Ansprüche auf den Lärmschutz durch den Einbau von schalldichten Fenstern haben die Planer nur für wenige Anwohner ermittelt. Die Planer argumentieren, dass es nach dem ebenerdigen Ausbau insgesamt leiser an der Strecke werde, weil dann auch das Gleis der S-Bahn Lärmschutz erhalte.
CDU-Abgeordneter Luczak fordert "politische Lösung" für Tunnel
Der CDU-Bundestagsabgeordnete Jan-Marco Luczak aus Tempelhof fordert eine „politische Lösung“, um den Tunnel noch durchzusetzen. Hierfür müsse es ein Bekenntnis des Senats geben. „Das Fenster ist noch offen“, sagte Luczak.
Vom Ausbau der Strecke mit den zusätzlichen Gleisen soll der Fernverkehr Richtung Dresden und weiter nach Prag und Budapest ebenso wie die Züge im Regionalverkehr profitieren, bei denen sich die Fahrzeit verkürzt. In Brandenburg und Sachsen baut die Bahn die Strecke bereits aus. In Berlin müssen die Züge dagegen den Umweg auf zum Teil eingleisigen Abschnitten über den Außenring und die Anhalter Bahn durch Lichterfelde nehmen.
Später dürfte auch der Airport-Express über die Dresdner Bahn rasen, der in rund 20 Minuten viertelstündlich den Hauptbahnhof mit dem BER verbinden soll.

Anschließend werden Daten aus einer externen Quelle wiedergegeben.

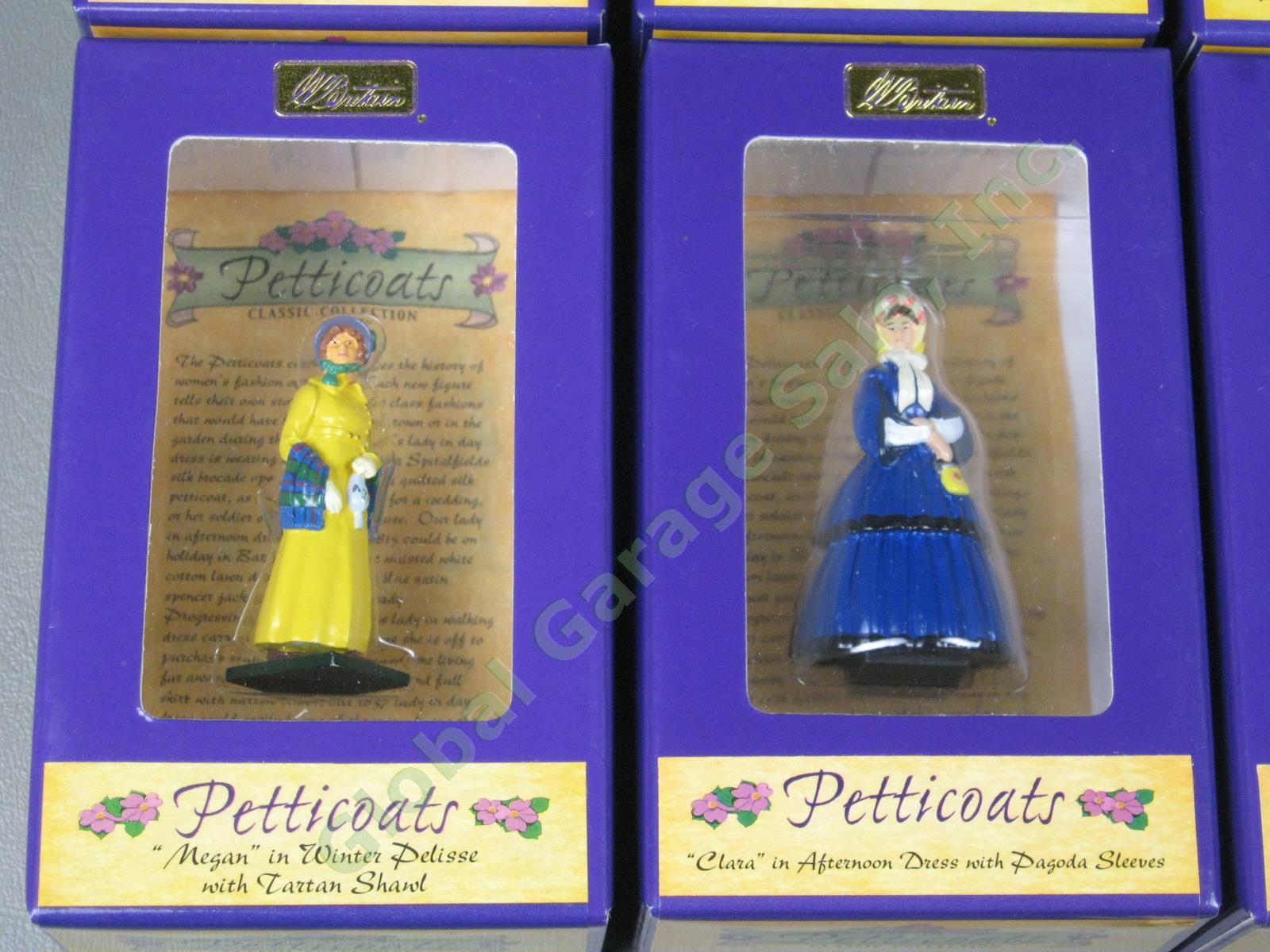 9 W Britain Petticoats Metal Figures Lot Womens Fashions Retired! w/ Boxes EXC!! 3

Baubeginn weiter ungewiss, aber teurer wird's
Wann gebaut werden kann, ist aber weiter ungewiss. Die Bürgerinitiative werde wie angekündigt klagen, kündigte deren Vorsitzender Manfred Beck an. Er kritisierte ferner, dass der Beschluss in der Ferienzeit erlassen worden sei.
Fest steht dagegen, dass die Kosten inzwischen gewaltig gestiegen sind: Veranschlagt war der Ausbau einst mit rund 400 Millionen Euro, zuletzt nannte die Bundesregierung als voraussichtliche Baukosten 560 Millionen Euro – ohne den Tunnel.